The GT is the modern successor to the iconic GT40, which won Le Mans four straight years from 1966-1969. The racecar is a rolling testbed of Ford's latest technologies, including a powerful twin-turbo EcoBoost V6. The car also makes extensive use of carbon-fiber pieces and advanced aerodynamics. Ford tapped Multimatic Motorsports of Canada and Roush Yates Engines to aid in the development of the GT racer.
The road-going version, which was revealed in January at the Detroit Auto Show, is also set to launch next year. It caps Ford's growing performance lineup, and the company has ambitious plans to launch more than 12 new sporty models by 2020, including hot metal like the Focus RS, F-150 Raptor, and Shelby GT350R.
The GT embodies Ford's best tech, but news of its return to Le Mans immediately conjured images of the company's fierce rivalry in the 1960s with Ferrari and intense competition with Porsche.
"When the GT40 competed at Le Mans in the 1960s, Henry Ford II sought to prove Ford could beat endurance racing's most legendary manufacturers," Ford executive chairman Bill Ford said in a statement. "We are still extremely proud of having won this iconic race four times in a row, and that same spirit that drove the innovation behind the first Ford GT still drives us today."
Ford is going back to Le Mans.
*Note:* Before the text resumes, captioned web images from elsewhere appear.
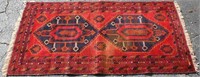 RED MEXICAN ZAPOTEC RUG WITH FEATHER MOTIF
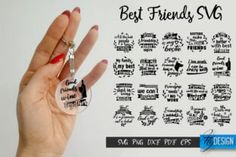 a person holding up a glass keychain with the words best friends on it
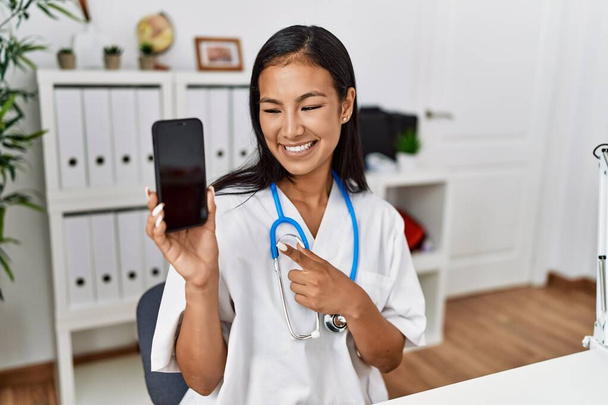 Jovem latina vestindo uniforme médico segurando smartphone na clínica - Foto, Imagem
Somewhere, Hank the Deuce must be smiling.
OTHER NEWS & NOTES
2016 BMW 7 Series arrives in the fall
BMW revealed the sixth generation of its flagship 7 Series this week, which will start at $81,300 when it launches in the United States this fall. BMW is billing it as the roomiest 7 Series ever, and it measures 206.6 inches in length. It uses a composite body structure with carbon-fiber reinforced plastic, high-tensile steel, and aluminum, which helps reduce the car's weight by 190 pounds compared to the previous model. The engine lineup is comprised of a 445-hp V8, 320-hp I6, and a plug-in hybrid variant. The 7 also features a batch of new technology, including the debut of a gesture feature that allows the driver to adjust the audio's volume control and accept phones calls using hand motions. Cosmetically, the changes are relatively minor, though the sedan appears more sculpted and curvy.
The changes are expected to provide a lift for the 7 Series, and IHS Automotive predicted global sales of the car will increase from a projected 47,000 units this year to 64,000 next year. Still, that keeps the BMW behind the Mercedes S-Class, which is likely to hit 96,000 sales around this world this year and 101,000 in 2016, IHS said.
"The S-Class is an automotive icon in a way that the 7 Series isn't, and the latest gen S-Class has been beautifully executed and designed," IHS analyst Tim Urquhart said in an email to Autoblog. "In addition, BMW's traditional market [position] of having class-leading driving dynamics is far less relevant in this segment. Who cares if your chauffeur can have fun driving the thing!"
Google reports on self-driving car program
Google's closely-watched self-driving car program is getting a little more transparent, as the tech giant has begun issuing monthly reports. The first one for May offered an overview of the program. There are 23 Lexus RX 450h SUVs being tested with autonomous systems on public streets, mostly around Mountain View, CA. There are also nine prototypes testing on closed tracks. Google's prototypes have been involved in 12 minor accidents since 2009, though the company says its self-driving tech hasn't been at fault. Additionally, Google cars are racking up about 10,000 autonomous miles per week on public streets. Still, the reports have stirred controversy as Google executives have balked at releasing the full accident details.
2017 Chevy Bolt strikes again
The 2017 Chevy Bolt was captured during testing this week, and the spy photographs indicate it's well on the way to production. It maintains the small hatch appearance we saw at the Detroit Auto Show, where the Bolt made a surprise debut. General Motors is targeting a $30,000-price tag for the car after incentives, and it is expected to have a range of 200 miles on electricity. While more details have not been specified, GM confirmed it will build the Bolt at its Orion Assembly factory north of Detroit, though launch timing has not been revealed.